La Police Technique et Scientifique d’hier, d’aujourd'hui et de demain

Le jeudi 3 avril a eu lieu à Bruxelles, au Polis Center, un colloque dédié au centième anniversaire de la Police Technique et Scientifique (PTS). Six experts ont pris la parole devant un parterre de 180 participants.

La Police Technique et Scientifique d’hier, d’aujourd'hui et de demain

Des experts au rôle essentiel 

Dans les coulisses des enquêtes judiciaires, la Police Technique et Scientifique (PTS) occupe une place centrale. Spécialisée dans l’analyse des scènes de crime, l’examen des empreintes ou encore le relevé et l’analyse des traces selon des méthodes scientifiques, la PTS fournit aux enquêteurs des éléments matériels, objectifs et irréfutables.

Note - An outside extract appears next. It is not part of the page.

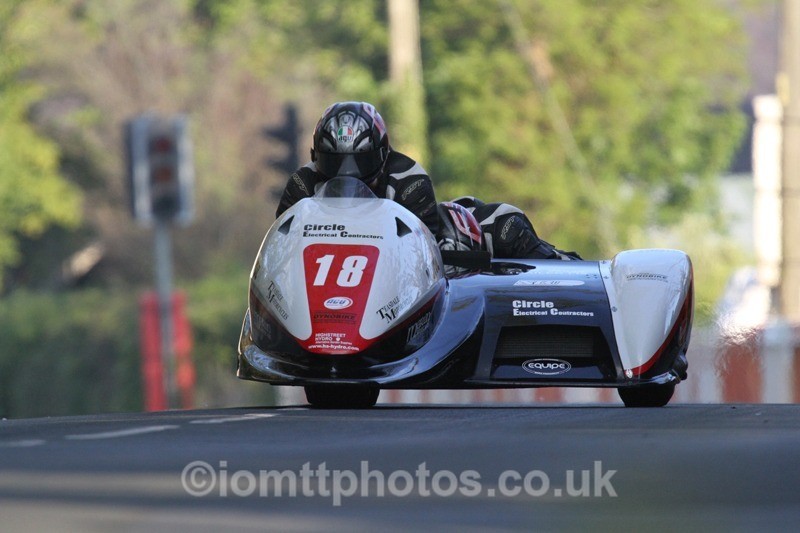 IMG_5489 - Thursday Practice - TT 2013 Side Car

À l'occasion de ce centenaire, la Police Fédérale a décidé de mettre à l’honneur, jusqu’à la fin de l’année, ces experts aux compétences multiples.




Le Ministre Quintin au milieu de Johan Geentjens (directeur DJO) et Sabien Gauquie (directrice DJT).

Le Ministre Quintin au milieu de Johan Geentjens (directeur DJO) et Sabien Gauquie (directrice DJT).

S’arrêter un instant pour célébrer cet anniversaire

Lors de ce colloque du 3 avril, six intervenants ont mis en lumière la PTS d’hier, d’aujourd'hui et de demain. En présence du ministre Bernard Quintin, Sabien Gauquie, la directrice de la Direction centrale de la police technique et scientifique, a réservé un accueil chaleureux aux 180 participants, leur faisant part de son souhait de s’attarder quelques instants sur les générations passées, qui ont ouvert la voie à la PTS que nous connaissons aujourd’hui. Laurent Blondiau, directeur général a.i. de la Direction générale de la Police Judiciaire Fédérale (DGJ), s’est quant à lui adressé à l’assemblée dans un message vidéo, dans lequel il a témoigné sa plus sincère gratitude à tous les collègues de la PTS, « qui jouent un rôle essentiel dans les missions spécialisées de la Police Intégrée ».

Un jalon essentiel 

Le ministre de la Sécurité et de l’Intérieur, M. Quintin, a été le premier à recevoir la médaille des 100 ans de la PTS. Selon lui, le travail de ces hommes et femmes est inestimable. « La PTS œuvre souvent dans l’ombre, et c’est précisément pour cette raison que nous mettons aujourd’hui leur expertise en avant. Le centenaire de ce service hors du commun marque un jalon », a-t-il déclaré. Pour garder une longueur d’avance sur les criminels, le ministre a déclaré vouloir aider les services de police à relever les défis du futur.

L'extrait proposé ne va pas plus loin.